From a photo prompt, 10.12.21

I came across this vignette yesterday (03.16.23) in a composition notebook I must have taken me to a workshop. On the previous page, above a different story, I’d written “Photo Prompt” and the date, so I’m assuming this story was written the same way. I was surprised at how much I liked it. When so frequently I cringe at my past writings, it was nice to think, “Hey that’s not too shabby,” instead. So here you go.

She sips her coffee, pulling it gurgling over her lips, slipping over her teeth like burglars over a garden wall, bypassing the sides of her tongue, sloshing right over the top, burning her throat, her esophagus, resting warm in the furnace of her belly where she keeps her anger for him charging like a battery.

Without it, without him, what would she be? Her life is wrapped around her anger like spider’s silk around a furious wasp. If she pulled the strands apart to peek inside, would she be able to weave them back together?

I remember this photo. It was taken from right behind a man’s head, so all you saw was an out-of-focus shot of his hair, but sitting across from him was a woman (I presumed his wife), holding a steaming mug of coffee to her mouth. The mug obscured everything but her eyes, which were slightly crinkled at the corners, as though she were smiling. But there was something a little sinister in her expression, like she was merely biding her time while waiting for the poison she’d slipped in his mug to take effect.

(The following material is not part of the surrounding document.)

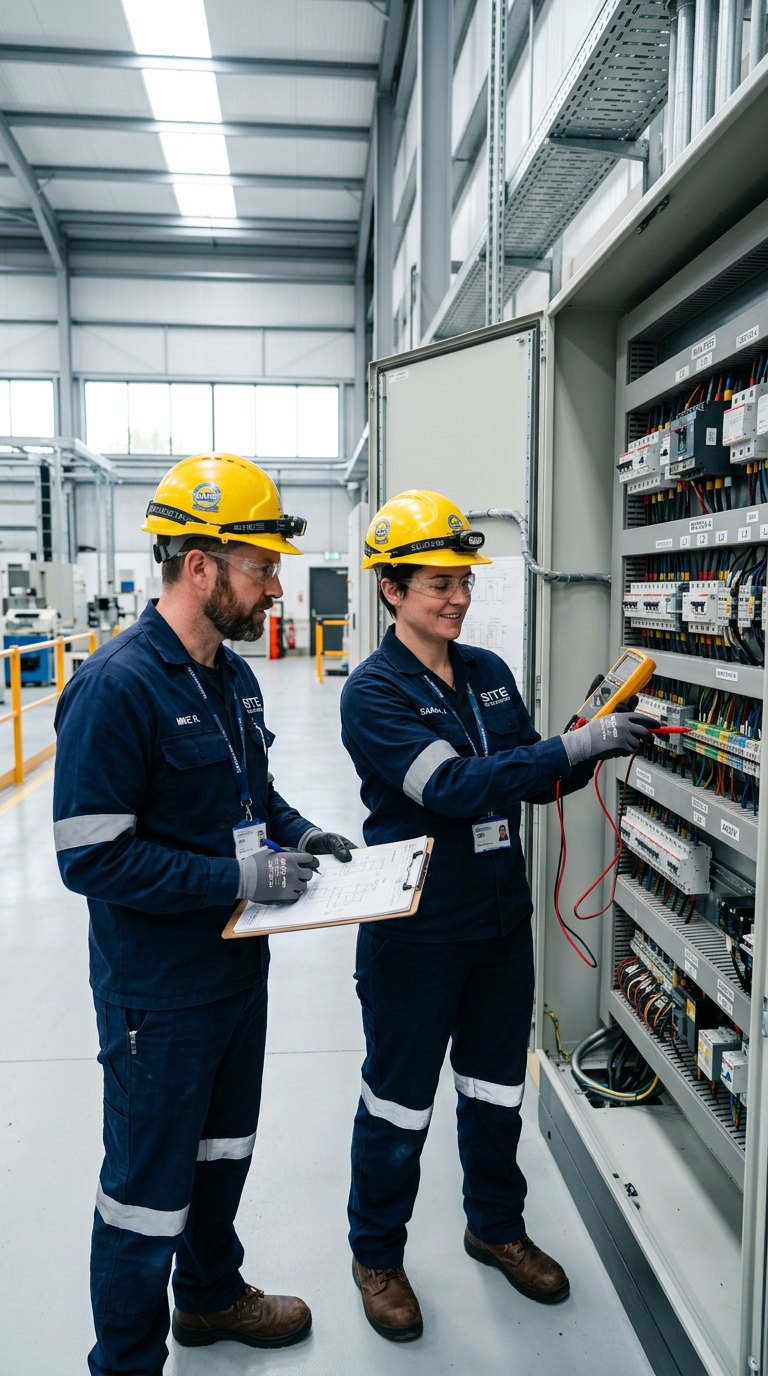 Eletricistas da ZancaVolt inspecionando um quadro de distribuição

I recognized that feeling, that bitter resentment. In one of my previous relationships before I met my husband, I was with a man who turned out to be a barely-functioning alcoholic. He kept up appearances just long enough to really hook me, and then before I understood what was happening, I was stuck with this angry wasp in my belly. I was furious with him, disappointed in myself, and terrified of what would happen if I let it go.

Long story short – how I got out of that relationship, again in metaphor, was I DID let the wasp go and, like any smart person does, I immediately ran in the opposite direction and I didn’t look back until I was positive it was out of my life forever.